Vadim Papov a un vrai métier : juriste. Mais depuis deux mois, cet homme trapu, aux dents du bonheur et à la fine moustache, a choisi une autre activité à plein temps. Il est chef de barrage routier. Sans se soucier de la pluie chaude qui tombe dru à la sortie nord de Mykolaïv, il observe les allers-retours des voitures.
« S'il faut rester là encore un an, pas de problème. On restera. Vous comprenez, nos familles vivent ici. C'est notre terre. Elle ne se marchande pas. » Autour de lui, un étrange amalgame s'est formé : un véhicule blindé de l'armée ukrainienne, des policiers de la route, des membres de la garde nationale, d'autres de la milice d'autodéfense locale. Un drapeau ukrainien flotte sur la guérite en sacs de sable, à côté d'un panneau indiquant un sens interdit. Séparatistes prorusses, passez votre chemin.
Barrages sur les routes, contrôle des véhicules suspects : on n'entre pas comme ça à Nikolaïev. Pardon, Mykolaïv en ukrainien. Dans cette cité industrielle d'un demi-million d'habitants située dans le sud du pays, à 120 kilomètres d'Odessa,les questions identitaires ont soudain pris une importance inédite.
La statue de Lénine, sur la place centrale, a été déboulonnée. Des communistes ont placé sur le socle un buste du personnage aux dimensions dérisoires. Le geste témoigne des tensions récentes. Depuis que la Crimée a été annexée par la Russie et l'Est livré aux violences, Mykolaïv organise sa propre défense, face aux ennemis de l'intérieur et de l'extérieur.
RÉAGIR, APRÈS « L'AGRESSION RUSSE EN CRIMÉE »
Près de mille volontaires se relaient sur les huit postes de contrôle, aux abords de la ville ou participent à des patrouilles pour assurer la tranquillité publique. Cette mobilisation est motivée par la faiblesse de l'Etat central, la corruption et la désorganisation des organes de sécurité. « L'administration locale ne voulait prendre aucune mesure décisive, après le sang versé sur Maïdan au début de l'année, explique Nikolaï Trossinienko. Ils avaient peur d'une répétition de ce scénario. On s'est donc organisés seuls. »

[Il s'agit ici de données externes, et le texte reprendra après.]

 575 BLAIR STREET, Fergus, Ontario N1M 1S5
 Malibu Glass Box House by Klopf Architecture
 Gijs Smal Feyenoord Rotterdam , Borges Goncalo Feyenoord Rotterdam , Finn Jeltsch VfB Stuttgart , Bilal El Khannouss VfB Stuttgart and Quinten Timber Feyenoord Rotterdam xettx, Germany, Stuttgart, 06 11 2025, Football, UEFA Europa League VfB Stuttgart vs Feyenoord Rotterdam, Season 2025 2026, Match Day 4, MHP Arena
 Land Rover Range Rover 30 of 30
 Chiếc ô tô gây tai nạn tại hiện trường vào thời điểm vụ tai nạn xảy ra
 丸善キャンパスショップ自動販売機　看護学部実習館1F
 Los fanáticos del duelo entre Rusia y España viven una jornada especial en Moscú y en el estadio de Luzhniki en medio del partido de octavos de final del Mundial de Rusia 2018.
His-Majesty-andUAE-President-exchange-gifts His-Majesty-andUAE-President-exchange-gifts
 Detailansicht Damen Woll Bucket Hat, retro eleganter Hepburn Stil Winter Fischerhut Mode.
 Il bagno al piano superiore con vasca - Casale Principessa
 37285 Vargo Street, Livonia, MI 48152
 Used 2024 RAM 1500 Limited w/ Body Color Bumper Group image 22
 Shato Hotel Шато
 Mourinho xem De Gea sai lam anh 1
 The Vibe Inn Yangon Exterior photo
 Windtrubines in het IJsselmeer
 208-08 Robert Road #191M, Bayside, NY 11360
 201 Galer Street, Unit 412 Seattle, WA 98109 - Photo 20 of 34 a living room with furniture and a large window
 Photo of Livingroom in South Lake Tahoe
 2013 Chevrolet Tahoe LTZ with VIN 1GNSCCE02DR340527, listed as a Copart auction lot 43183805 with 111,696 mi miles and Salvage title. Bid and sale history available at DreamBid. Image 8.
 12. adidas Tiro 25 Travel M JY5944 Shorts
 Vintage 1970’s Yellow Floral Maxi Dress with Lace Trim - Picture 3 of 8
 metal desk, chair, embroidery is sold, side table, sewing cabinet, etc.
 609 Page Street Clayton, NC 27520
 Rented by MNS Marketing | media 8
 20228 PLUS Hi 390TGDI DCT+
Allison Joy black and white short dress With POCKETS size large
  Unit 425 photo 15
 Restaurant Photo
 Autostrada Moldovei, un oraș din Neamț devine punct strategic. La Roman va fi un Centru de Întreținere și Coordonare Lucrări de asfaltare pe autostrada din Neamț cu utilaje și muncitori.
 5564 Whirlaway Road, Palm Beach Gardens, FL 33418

Le colonel Nikolaï Trossinienko, qui nous reçoit dans les locaux de l'état-major improvisé de Mykolaïv, est penché sur les cartes de la région. C'est ici que s'organise la coordination des différents corps impliqués. Il est parfois interrompu par la sonnerie de son téléphone, qui joue l'hymne national. Ce vétéran de la guerre en Afghanistan fut l'un des premiers à réagir, après « l'agression russe en Crimée ».
Avec d'autres anciens officiers, il a d'abord proposé ses services à la caserne locale. Comme ailleurs, les équipements militaires étaient bons pour la casse. « On a organisé des brigades de réparation, on a acheté des pièces de rechange avec nos sous. Puis on a mis en place les barrages. Heureusement, Olexyi Afanassevitch nous a aidés pour tout… »
Et Nikolaï Trossinienko d'exhiber un bon de commande traînant sur son bureau : 15 viseurs pour fusils automatiques. Merci qui ? Olexyi Afanassevitch, comme pour le reste : les sacs de sable, les blocs de béton, les tentes et les projecteurs sur les barrages.
NI YACHT NI RÉSIDENCE EXTRAVAGANTE EN FRANCE
Classé parmi les douze premières fortunes du pays, Olexyi Afanassevitch Vadatourski, 66 ans, est l'homme le plus influent de Mykolaïv. Il en est le premier entrepreneur, le patriarche, le bienfaiteur. Ne cherchez pas à son poignet de montre sertie de diamants ; ne guettez pas de yacht au bord de la mer Noire, à soixante kilomètres de là, ou de résidence extravagante dans le sud de la France, assurent ses proches.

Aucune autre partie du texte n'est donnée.